### YOUR TASK
From the first line to the last, copy the listing exactly and omit the pictures.

### EXERCISE DATA
↓
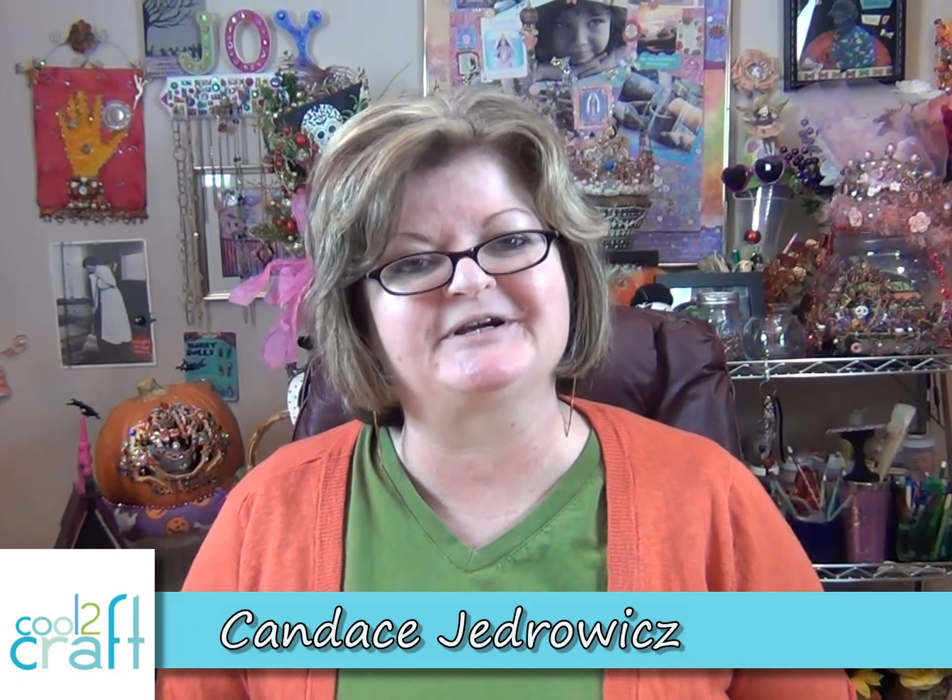You are in the studio of Perpetual Mojo and I'm Candice, your tour guide. Today we're going to be working on a layered canvas — let me show you what I'm doing down here.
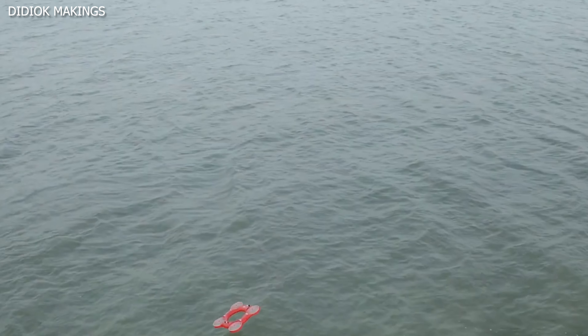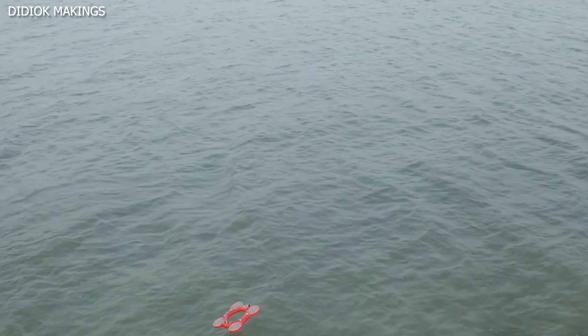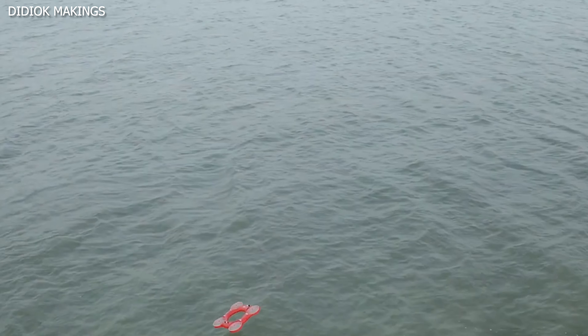With the capacity to float two adults and a communication range of about two-thirds of a mile, it's got a real chance to save lives.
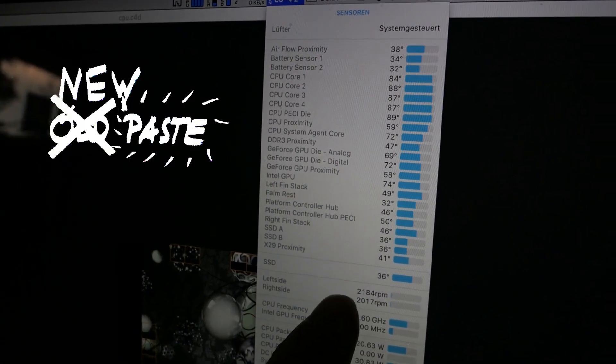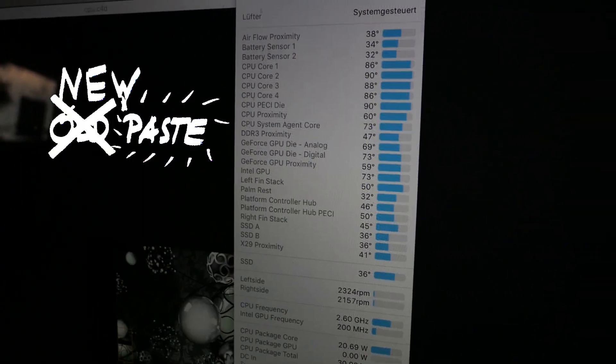So even though the fans didn't really jump in, the temperature remained a little lower.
↑
### ANSWER TO THIS PROBLEM
You are in the studio of Perpetual Mojo and I'm Candice, your tour guide. Today we're going to be working on a layered canvas — let me show you what I'm doing down here.
With the capacity to float two adults and a communication range of about two-thirds of a mile, it's got a real chance to save lives.
So even though the fans didn't really jump in, the temperature remained a little lower.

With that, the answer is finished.